I have been geeking out a little bit lately over Paul Graham's Essays. He's a programmer and writer who also works with startups and on Lisp. I'm guessing he doesn't have time to watch a lot of Netflix. My favorite essay so far is this one on finding your passion in the workplace. Although I am not 100% convinced that people should do what doesn't feel like work as their job. I found out the hard way with cake decorating that making one cake at home per hour is a lot more pleasant than making 40 cakes at work per hour. I definitely think he's on to something though.

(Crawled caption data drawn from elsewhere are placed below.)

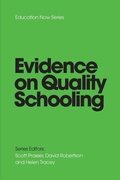 Cover: EVIDENCE on QUALITY SCHOOLING - Connor Court Publishing Pty Ltd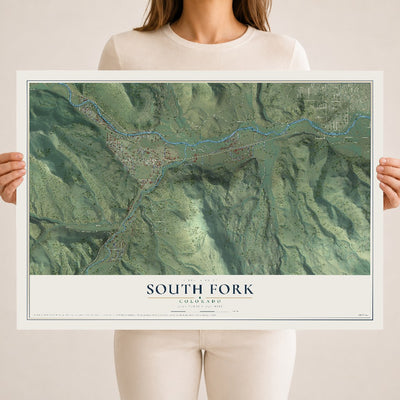 Map of South Fork, Colorado, 18 x 24 inch unframed archival matte print
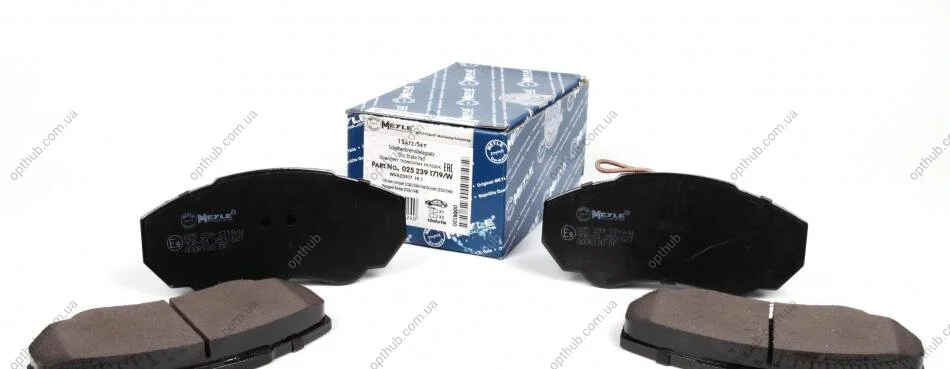 Колодки гальмівні (передні) Citroen Jumper/Fiat Ducato/Peugeot Boxer 02- R15 UA63 MEYLE 025 239 1719/W (фото 1)
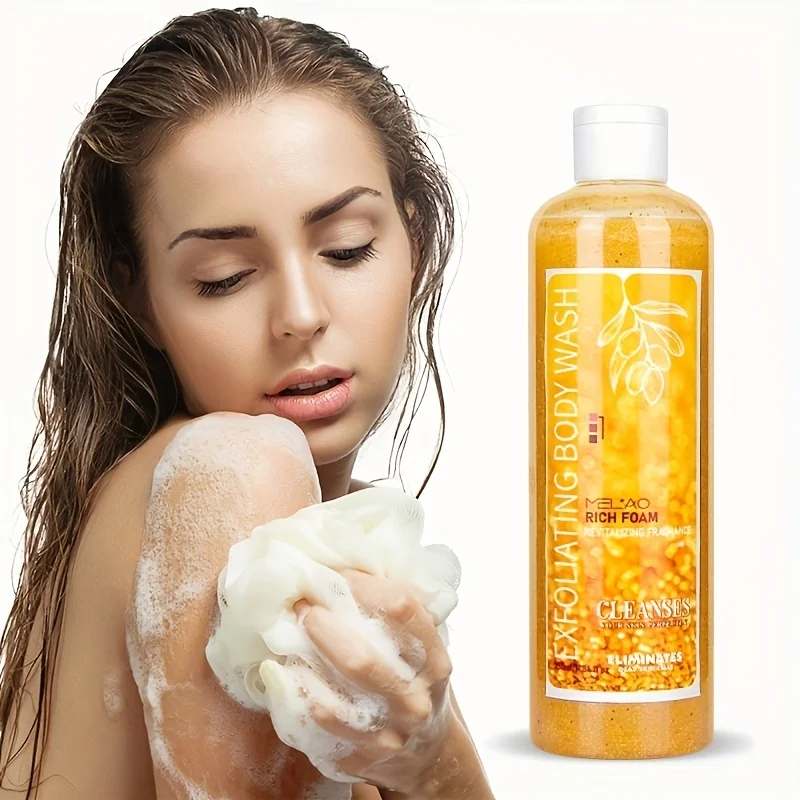 Body Wash Men Women Exfoliating Gold Bath Shower Gel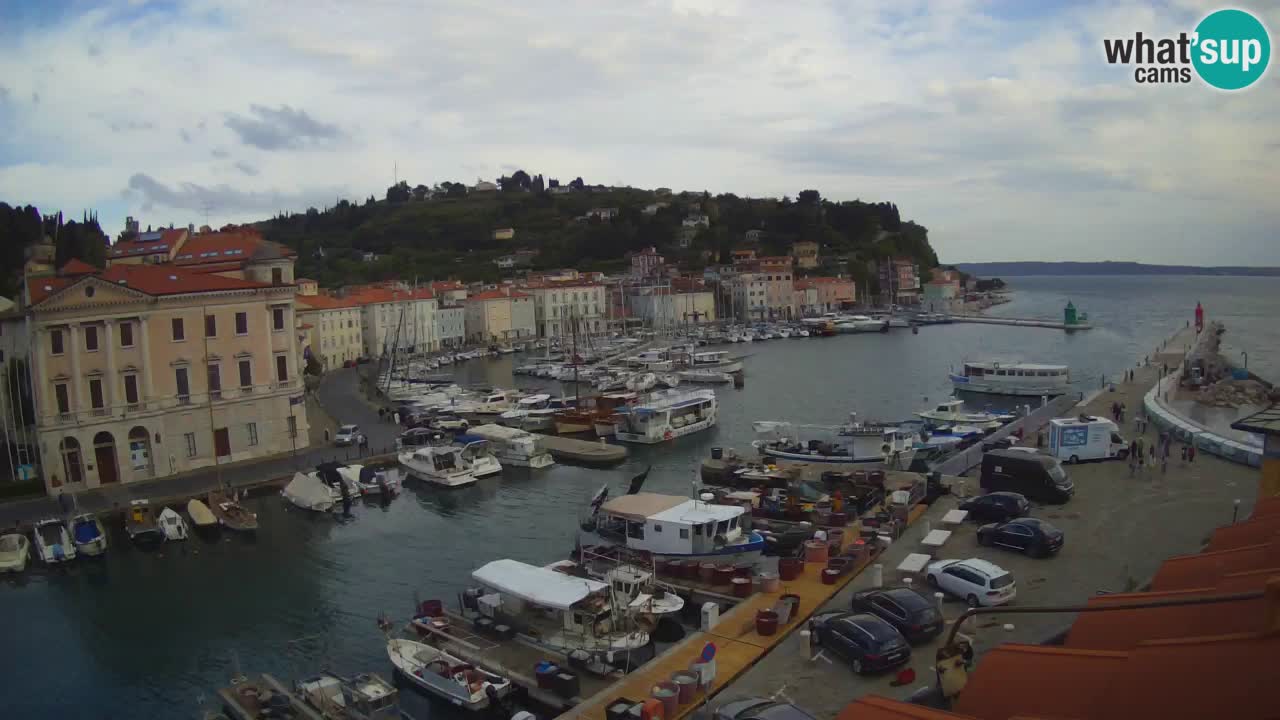 Cámara web en vivo desde Piran “Mandrač” – Increíble vista en vivo desde Villa Piranesi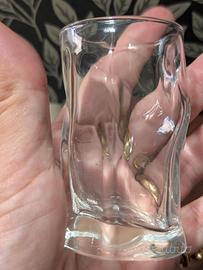 Set 3 bicchierini da liquore anni 70 Bormioli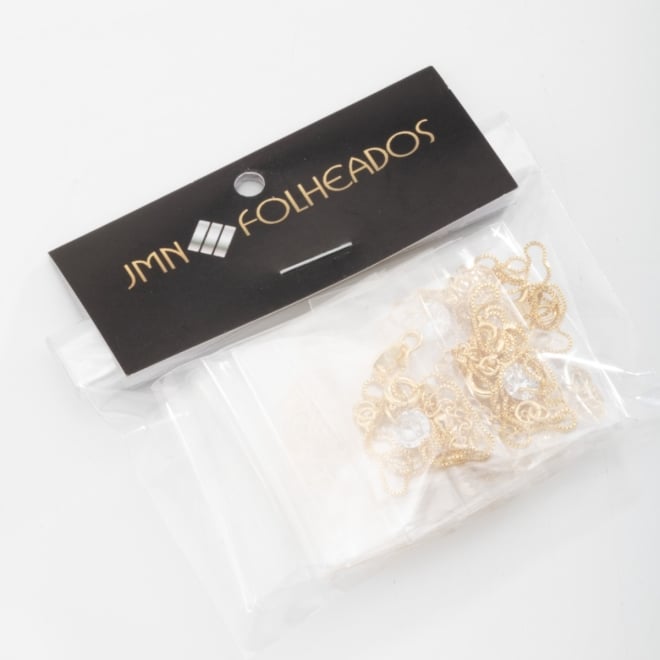 KGR-0007 KIT 10 COLARES BANHADOS A OURO 18K COM PINGENTE DE PONTO DE LUZ
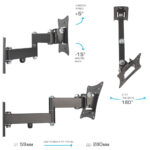 Кронштейн 10"-32" Tuarex ALTA-104 наклонно-поворотный — изображение 3
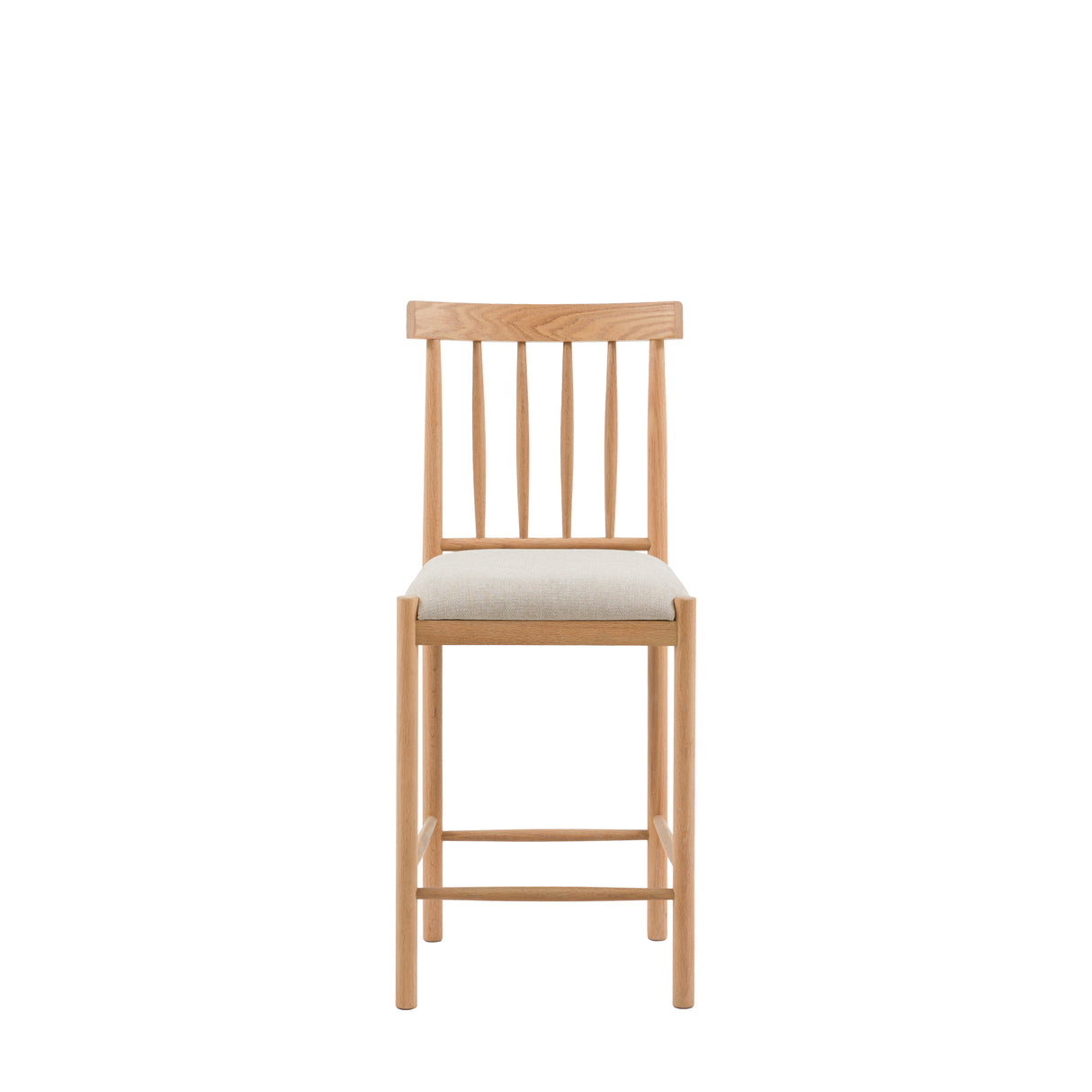 Amos Eton Upholstered Bar Stool Natural (2pk)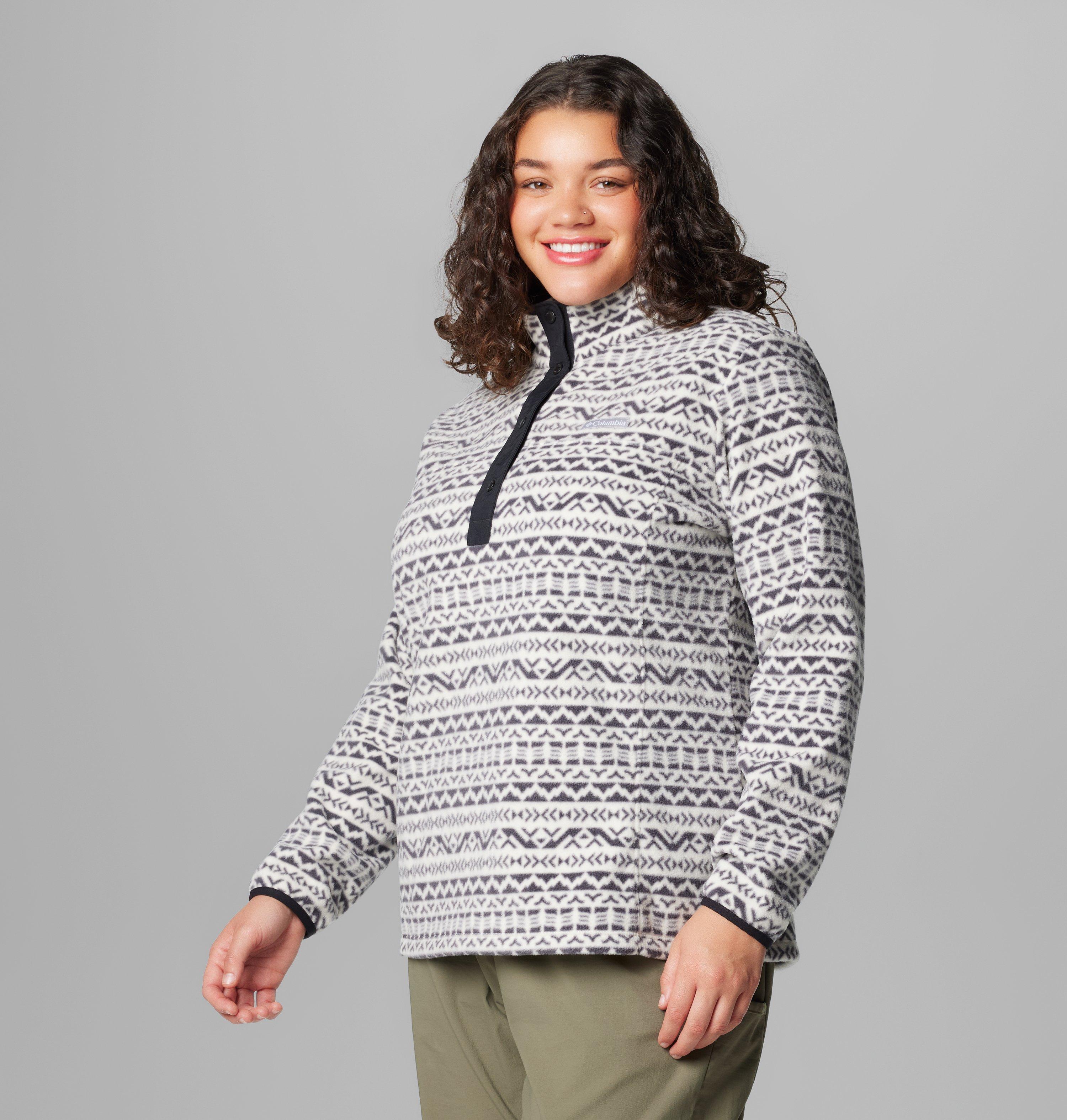 Women's Benton Springs Printed Half Snap Fleece Pullover - Plus Size 4
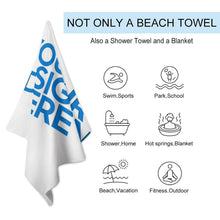 Lade das Bild in den Galerie-Viewer, Große Größe Strandtuch Saunatuch Leichtes Badetuch (horizontale oder vertikale Version verfügbar) mit Foto Design Motiv Text selbst gestalten und bedrucken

There are overlaps between his thoughts about how to assess the viability of startups that parallels aspects of the UX Design process. In this article he says:


"For example, a social network for pet owners. It doesn't sound obviously mistaken...The danger of an idea like this is that when you run it by your friends with pets, they don't say "I would never use this." They say "Yeah, maybe I could see using something like that." Even when the startup launches, it will sound plausible to a lot of people. They don't want to use it themselves, at least not right now, but they could imagine other people wanting it. Sum that reaction across the entire population, and you have zero users.[2]"


That's the kind of thing you want to find out through rigorous user testing before you spend a million dollars making a product that people don't want. Also a good reason why you should vet people in User Testing who aren't just telling you what you want to hear. Pets.com lost $147 million within nine months because of this lack of market interest, ouch.